March 1972 - Vol. 15 No. 3

March 1972 issue cover image

Features

Research and Advances

TENEX, a paged time sharing system for the PDP – 10

TENEX is a new time sharing system implemented on a DEC PDP-10 augmented by special paging hardware developed at BBN. This report specifies a set of goals which are important for any time sharing system. It describes how the TENEX design and implementation achieve these goals. These include specifications for a powerful multiprocess large memory virtual machine, intimate terminal interaction, comprehensive uniform file and I/O capabilities, and clean flexible system structure. Although the implementation described here required some compromise to achieve a system operational within six months of hardware checkout, TENEX has met its major goals and provided reliable service at several sites and through the ARPA network.
Research and Advances

The design of the Venus operating system

The Venus Operating System is an experimental multiprogramming system which supports five or six concurrent users on a small computer.
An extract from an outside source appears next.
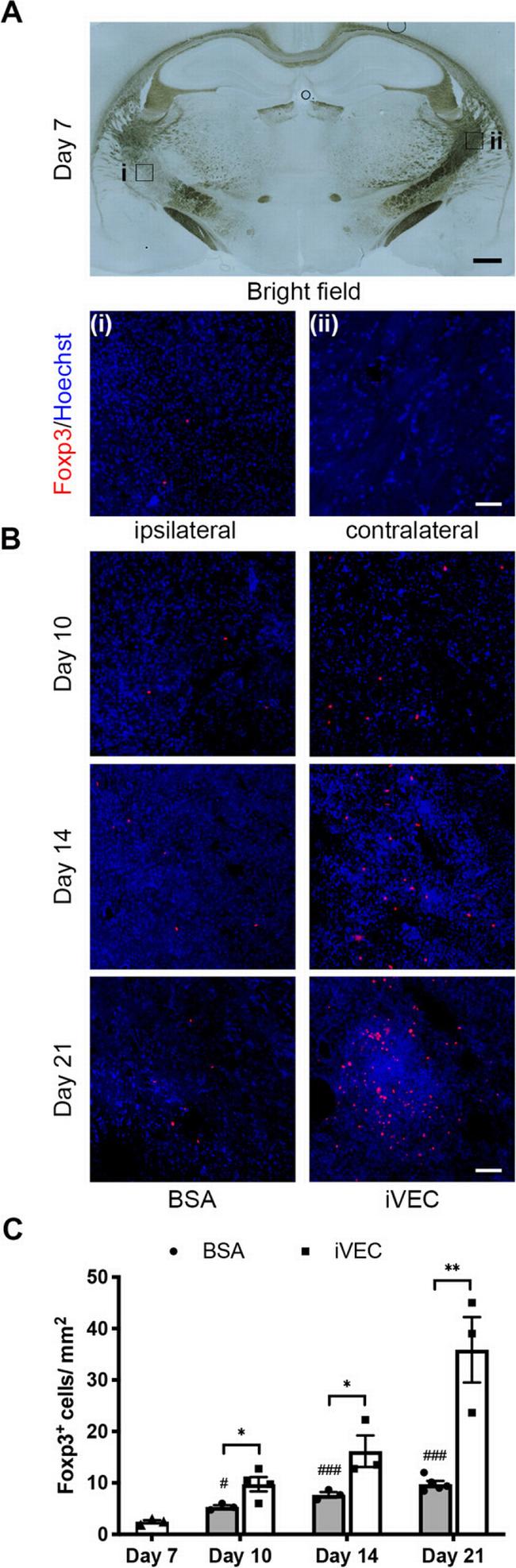 FOXP3 Antibody in Immunocytochemistry, Immunohistochemistry (ICC/IF, IHC)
The system was produced to test the effect of machine architecture on complexity of software. The system is defined by a combination of microprograms and software. The microprogram defines a machine with some unusual architectural features; the software exploits these features to define the operating system as simply as possible. In this paper the development of the system is described, with particular emphasis on the principles which guided the design.
Research and Advances

An operating system based on the concept of a supervisory computer

An operating system which is organized as a small supervisor and a set of independent processes are described. The supervisor handles I/O with external devices—the file and directory system—schedules active processes and manages memory, handles errors, and provides a small set of primitive functions which it will execute for a process. A process is able to specify a request for a complicated action on the part of the supervisor (usually a wait on the occurrence of a compound event in the system) by combining these primitives into a “supervisory computer program.” The part of the supervisor which executes these programs may be viewed as a software implemented “supervisory computer.” The paper develops these concepts in detail, outlines the remainder of the supervisor, and discusses some of the advantages of this approach.
Research and Advances

A hardware architecture for implementing protection rings

Protection of computations and information is an important aspect of a computer utility. In a system which uses segmentation as a memory addressing scheme, protection can be achieved in part by associating concentric rings of decreasing access privilege with a computation. This paper describes hardware processor mechanisms for implementing these rings of protection. The mechanisms allow cross-ring calls and subsequent returns to occur without trapping to the supervisor. Automatic hardware validation of references across ring boundaries is also performed. Thus, a call by a user procedure to a protected subsystem (including the the supervisor) is identical to a call to a companion user procedure. The mechanisms of passing and referencing arguments are the same in both cases as well.
Research and Advances

Synchronization of communicating processes

Formalization of a well-defined synchronization mechanism can be used to prove that concurrently running processes of a system communicate correctly. This is demonstrated for a system consisting of many sending processes which deposit messages in a buffer and many receiving processes which remove messages from that buffer. The formal description of the synchronization mechanism makes it very easy to prove that the buffer will neither overflow nor underflow, that senders and receivers will never operate on the same message frame in the buffer nor will they run into a deadlock.
Research and Advances

A comparative analysis of disk scheduling policies

Five well-known scheduling policies for movable head disks are compared using the performance criteria of expected seek time (system oriented) and expected waiting time (individual I/O request oriented). Both analytical and simulation results are obtained. The variance of waiting time is introduced as another meaningful measure of performance, showing possible discrimination against individual requests. Then the choice of a utility function to measure total performance including system oriented and individual request oriented measures is described. Such a function allows one to differentiate among the scheduling policies over a wide range of input loading conditions. The selection and implementation of a maximum performance two-policy algorithm are discussed.
Research and Advances

A study of storage partitioning using a mathematical model of locality

Both fixed and dynamic storage partitioning procedures are examined for use in multiprogramming systems. The storage requirement of programs is modeled as a stationary Gaussian process. Experiments justifying this model are described. By means of this model dynamic storage partitioning is shown to provide substantial increases in storage utilization and operating efficiency over fixed partitioning.
Research and Advances

Properties of the working-set model

A program's working set W(t, T) at time t is the set of distinct pages among the T most recently referenced pages. Relations between the average working-set size, the missing-page rate, and the interreference-interval distribution may be derived both from time-average definitions and from ensemble-average (statistical) definitions. An efficient algorithm for estimating these quantities is given. The relation to LRU (lease recently used) paging is characterized. The independent-reference model, in which page references are statistically independent, is used to assess the effects of interpage dependencies on working-set size observations. Under general assumptions, working-set size is shown to be normally distributed.